DATASET SECTION —
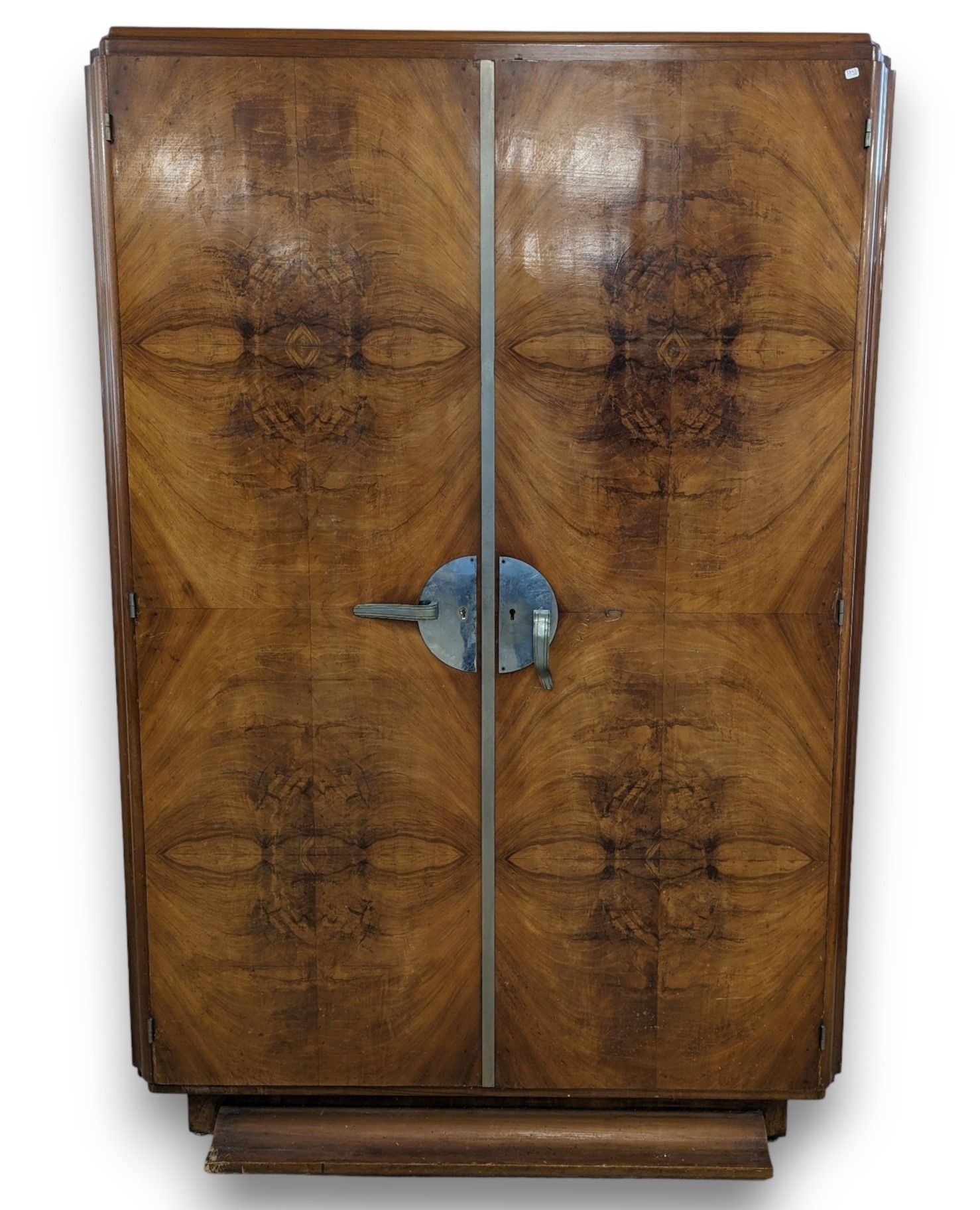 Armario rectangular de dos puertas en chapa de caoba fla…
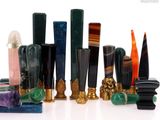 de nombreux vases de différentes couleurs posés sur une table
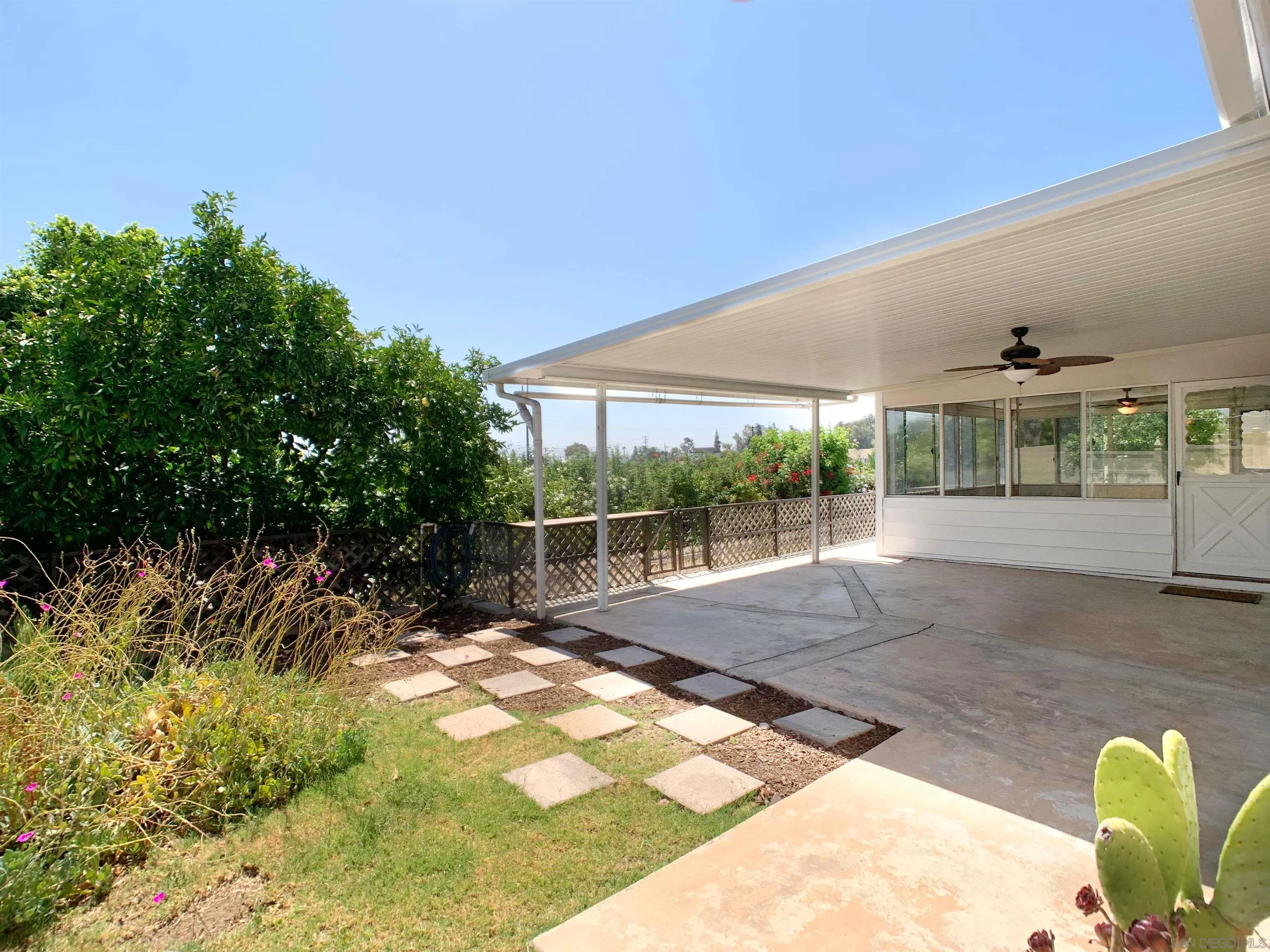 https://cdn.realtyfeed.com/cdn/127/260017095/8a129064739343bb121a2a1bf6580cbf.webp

WHAT YOU HAVE TO DO — Reproduce the listing word for word, but keep the pictures out of it.

YOUR RESPONSE —
 Armario rectangular de dos puertas en chapa de caoba fla…
 de nombreux vases de différentes couleurs posés sur une table
 https://cdn.realtyfeed.com/cdn/127/260017095/8a129064739343bb121a2a1bf6580cbf.webp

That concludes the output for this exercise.